Exploring the darkest corners of synth, Death Dream plays like the drug-addled robotic lovechild of Depeche Mode and Nine Inch Nails, processing religious belief, depression, sexuality, and death for the first time in its brief existence.
Trevor Something is a fascinating deviation in a musical landscape where other artists crave attention. The digital representation of himself seems to exist mostly as various forms of vaporwave art, lending an air of mystery to the Miami based musician.

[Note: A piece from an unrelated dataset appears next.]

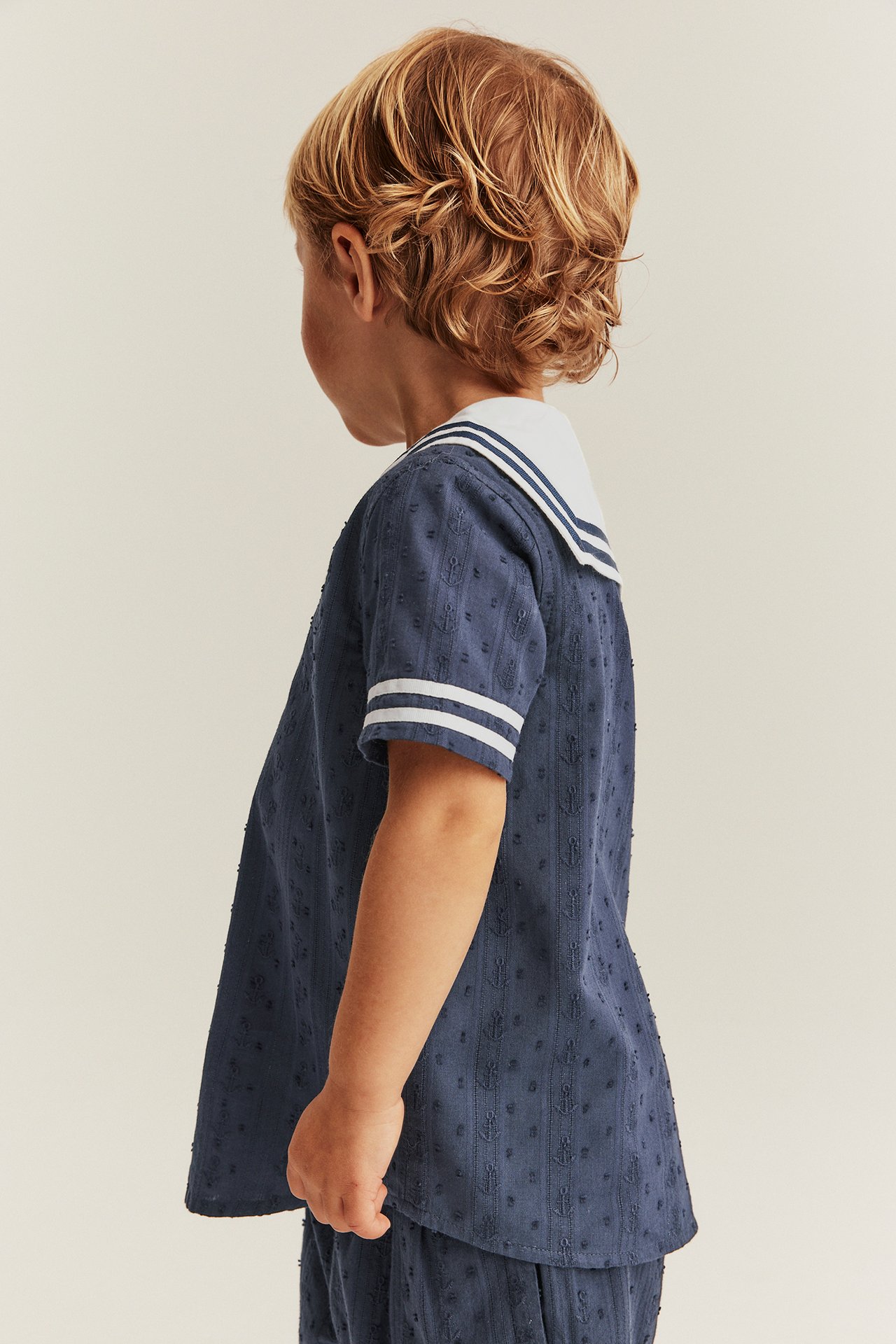 Side view of a kid in a dark blue textured shirt with white sailor collar and matching shorts.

Though labeling Trevor as a musician is doing him a disservice, as his album credits note:
Written by Trevor Something
Produced by Trevor Something
Performed by Trevor Something
Recorded by Trevor Something
Mixed by Trevor Something
Album Artwork by Trevor Something
He also designed the incredibly well done and twisted take on Windows 3.0 that acts as a UI for his website. That’s a hell of a lot of talent.
While I could be partial toward Trevor Something’s style due to my unabashed love for vaporwave, new wave, web 1.0, anonymity, and assorted 80s feels—which find a seamless blend in Death Dream—I have absolutely no reservations about telling you to explore the vast landscape of robotic emotions you never knew you always had.